* [TASK INSTRUCTIONS] Output the listing exactly as written, apart from its pictures.
[Start of section]
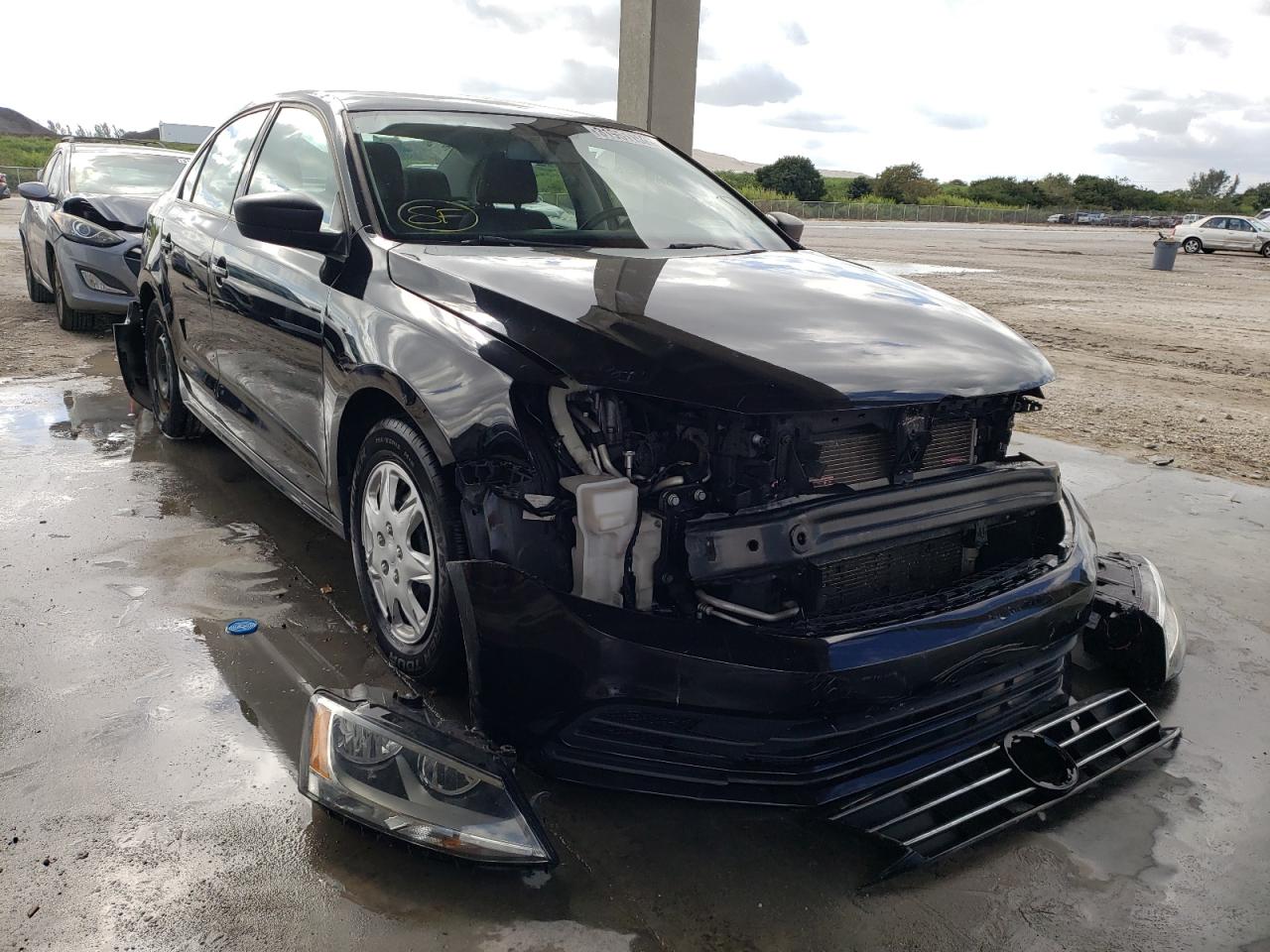 VOLKSWAGEN JETTA BASE 2015 with VIN 3VW2K7AJ3FM269499 - Photo from auction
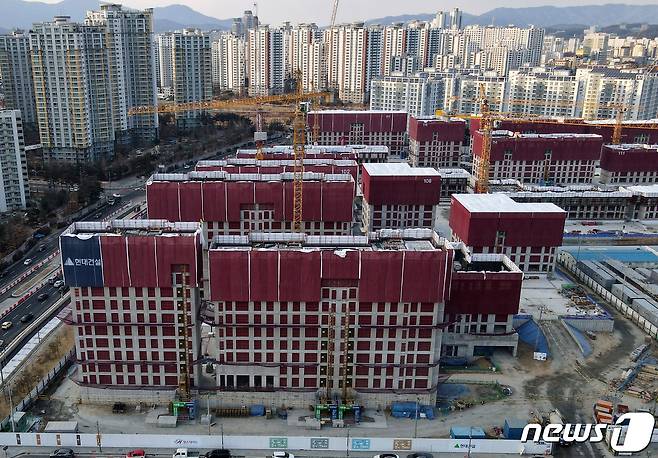 대전과 충남의 주택시장은 6,7월에 이어 이달에도 침체국면을 맞을 것으로 전망됐다.ⓒ News1 김기태 기자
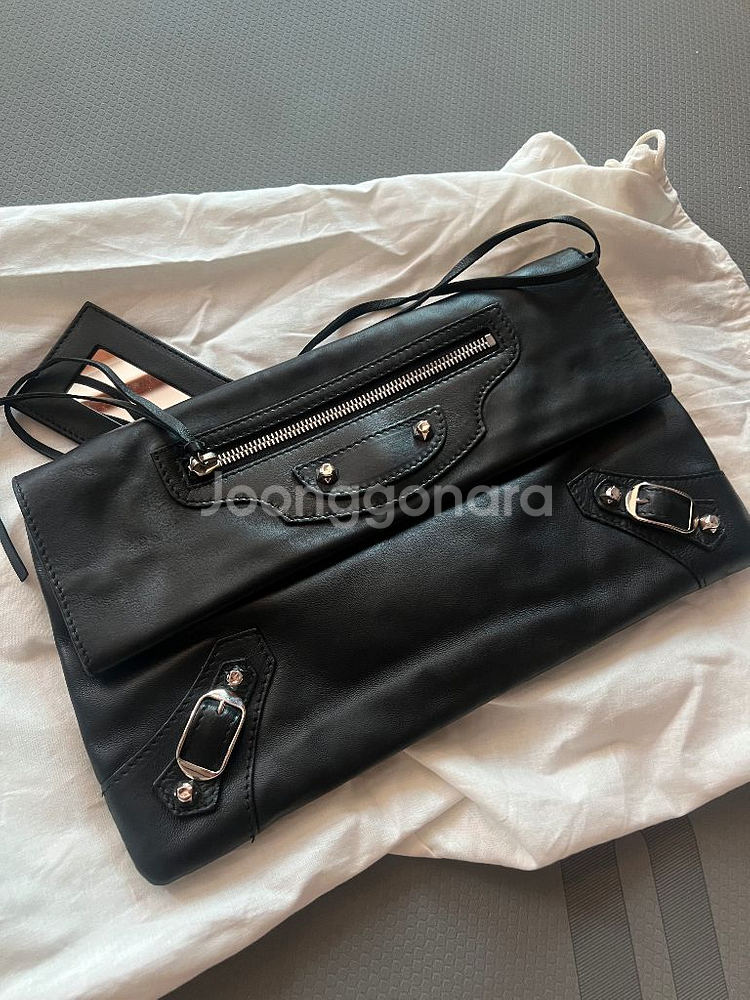 발렌시아가 블랙 레더 클러치--4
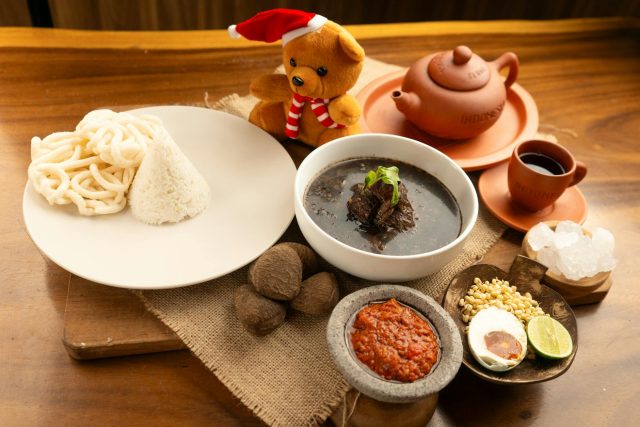 Anak kecil tersenyum menikmati nasi setelah mengonsumsi vitamin penambah selera makan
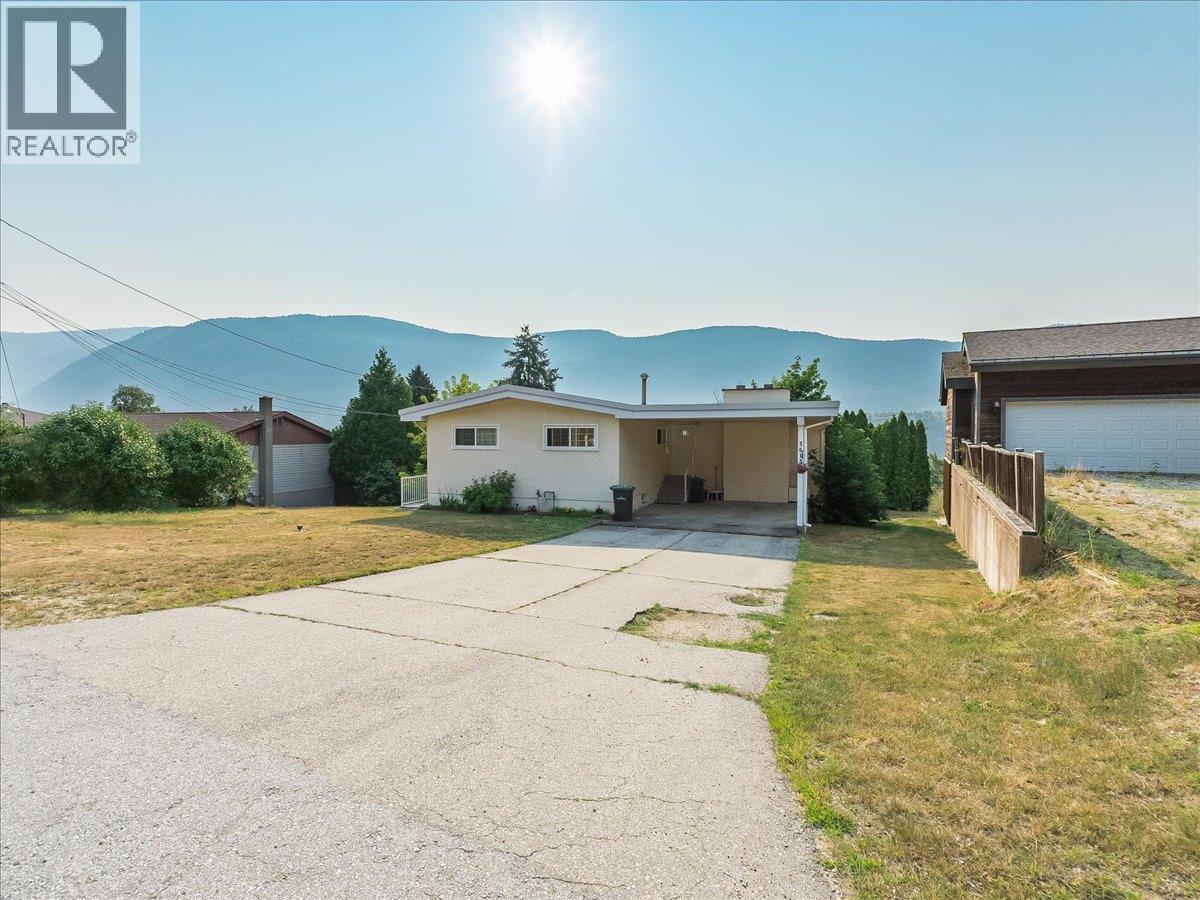 3613 9th Avenue, Castlegar, British Columbia  V1N 2Z6 - Photo 2 - 10398068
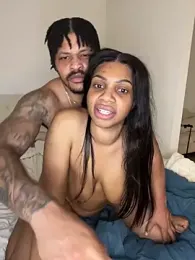 mialongxo webcam stripchat model stream image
[End of section]
* [SOLUTION TO THIS EXERCISE]
 VOLKSWAGEN JETTA BASE 2015 with VIN 3VW2K7AJ3FM269499 - Photo from auction
 대전과 충남의 주택시장은 6,7월에 이어 이달에도 침체국면을 맞을 것으로 전망됐다.ⓒ News1 김기태 기자
 발렌시아가 블랙 레더 클러치--4
 Anak kecil tersenyum menikmati nasi setelah mengonsumsi vitamin penambah selera makan
 3613 9th Avenue, Castlegar, British Columbia  V1N 2Z6 - Photo 2 - 10398068
 mialongxo webcam stripchat model stream image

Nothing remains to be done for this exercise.